Development firm Cambridge Consultants has designed an open market trading platform for drug price negotiation that's based on a public blockchain.
The company says it's an effort to help fix the lack of transparency around how drug prices are set – that by creating a set of so-called smart contracts on the Ethereum blockchain, it will enable a trust-based mechanism for the trading of drug products as if they were commodities.
"Drug pricing in the U.S. healthcare system is broken because of the way the market is set up," said Jaquie Finn, Head of Digital Health, Cambridge Consultants. "By moving to an open market that creates price competition and improves access, there is an enormous opportunity to fix it, providing the right technology is in place."
The platform uses a set of five smart contracts that sit on top of the public blockchain to enable and authorize trades, according to Cambridge Consultants. Beyond sell-side and buy-side contracts, contracts for sale and for products required, the trading platform also includes a smart contract for FDA approvals that automatically validates buy/sell orders, ensuring the products being sold have regulatory approval.

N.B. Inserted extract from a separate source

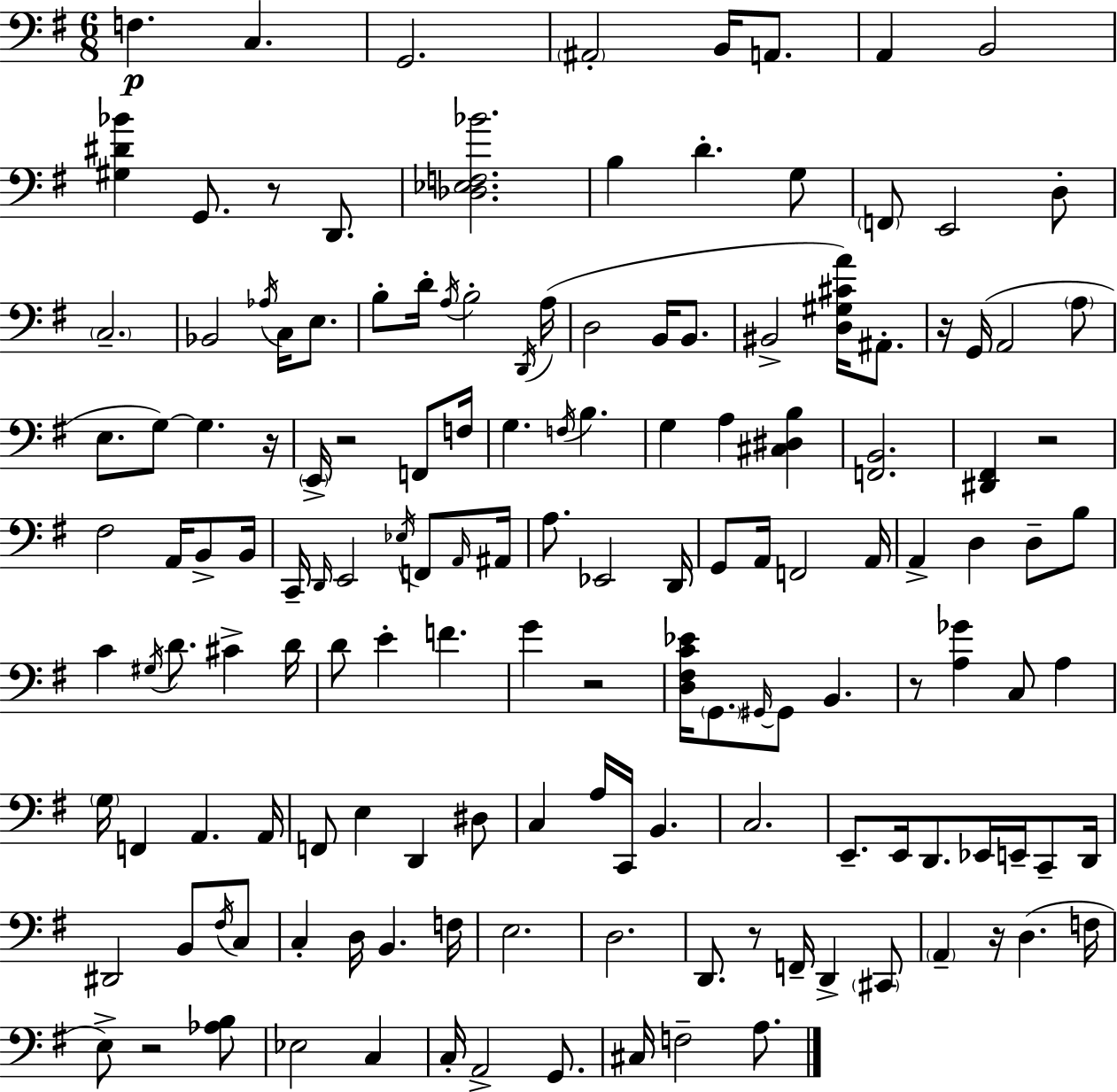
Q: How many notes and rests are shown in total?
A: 148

The goal is to harness the unique properties of the blockchain to create an open system where each stakeholder – from pharmaceutical and insurance companies to the individual patient – can benefit. By using a public blockchain rather than private ones that are often used in various healthcare pilots, the network aims to allow for more traders to have access, thereby creating more trust thanks to the distributed parties being involved.
By enabling transparent formulary design, pharmaceutical companies of all sizes can be listed on the exchange, according to Cambridge Consultants, giving consumers more choice and reducing the need to set high list prices – leading to lower out-of-pocket expenses.
"Blockchain is best known as the key innovation behind digital currencies, but the opportunity is to use it to build a trust fabric in any industry that requires the linking of large volumes of dynamic data while maintaining traceability – including in healthcare," said Finn.